– Молод? Красив? Безупречен? Светел ликом и разумом? – попытался помочь ей Фриденсрайх. – Да, вполне. Вероятно, вы ожидали обнаружить в повозке дряхлую развалину, и так и не поняли, кто я таков, и куда подевал дюк своего старого друга и соратника, о котором с утра трезвонили все колокола. Да, да, пожалуй, так оно и было. Простите, что поспешил присвоить вам лживые намерения – вы просто неправильно оценили ситуацию. В самом деле, Нибелунга слишком часто кукарекала, и по имени не назвала ни разу.

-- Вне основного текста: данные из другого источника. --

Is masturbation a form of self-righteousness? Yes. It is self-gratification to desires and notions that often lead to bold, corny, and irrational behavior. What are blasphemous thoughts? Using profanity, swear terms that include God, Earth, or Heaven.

Глаза мадам де Шатоди загорелись недобрым светом, что, разумеется, скрылось от Йерве.
– Сударь, побойтесь бога! Эта благородная дама пережила огромное потрясение, и потеряла все, что имела, а вы смеете полагать, что ей не о чем больше думать, кроме как о вашей персоне.
– Эх, юноша, – вздохнул Фриденсрайх, – когда б ты знал, о чем думают женщины, ты бы предпочел не быть мужчиной.

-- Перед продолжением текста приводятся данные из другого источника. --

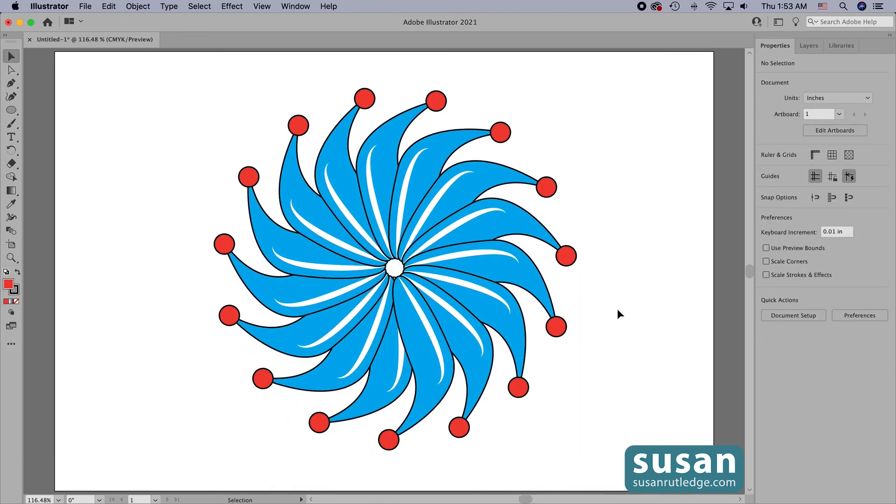And that's how you use radial repeat in Adobe Illustrator. I hope you've enjoyed this video and that you've learned something. In my next videos, I'll be covering the grid repeat and the mirror repeat.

Йерве не совсем понял, что именно имел ввиду маркграф, но цепочку его умозаключений прервал тихий женский голос, прозвучавший рядом с Фриденсрайхом:
– Вы слишком опрометчивы в своих выводах, господин маркграф, или знавали слишком мало женщин.

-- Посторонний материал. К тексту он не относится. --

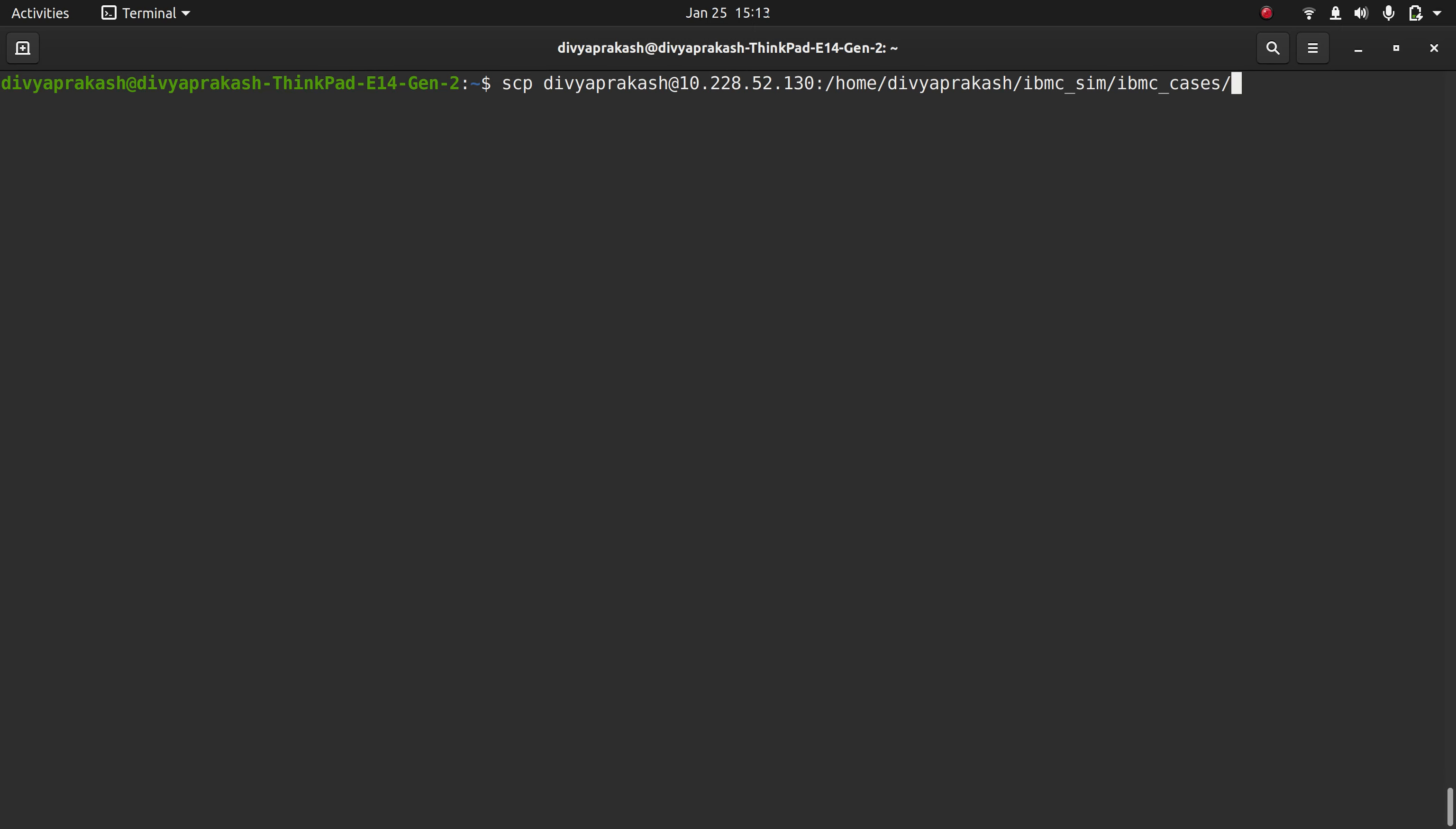and the name of the file is... I've copied that. And the destination to which I want to copy is my documents folder, so I write /Documents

– Я никогда не настаиваю на своих выводах, и всегда готов подвергнуть их сомнению, – со всей допустимой серьезностью сказал Фриденсрайх, и впервые повернулся лицом к незнакомке. – Я знавал слишком мало женщин, так смилуйтесь надо мной, и не заставляйте угадывать и ваше имя по звездам. Впрочем, я уже знаю, что вы – Розита.
– Зита, – поправила его незнакомка.
– Зита… – повторил Фриденсрайх, и в его устах незатейливое имя прозвучало, как плач свирели, как тоска по дому, как опустошенное селение.
Зита невольно вздрогнула, что не укрылось от маркграфа.
– У вас был отец? У вашего отца было имя?
– Зита Батадам, – сказала незнакомка, как отрезала.
– Барабанная дробь, а не имя, – с некоторым презрением молвила Джоконда. – «Розита» намного благозвучнее. Помни, что я всегда тебе это говорила.
– А я говорила тебе… – Зита осеклась.
– Что вы хотели сказать, Зита? – с неподдельным интересом спросил Фриденсрайх, а Зита снова содрогнулась.
Застонал двухструнный ребаб. Загорелись свечи. Разломился хлеб. Посыпалась соль.
– Ничего.
– Фриденсрайх фон Таузендвассер к вашим услугам, – сказал Фрид, и склонил голову в учтивом поклоне.
– Мир вам, господин хороший, – сказала Зита, и спрятала глаза.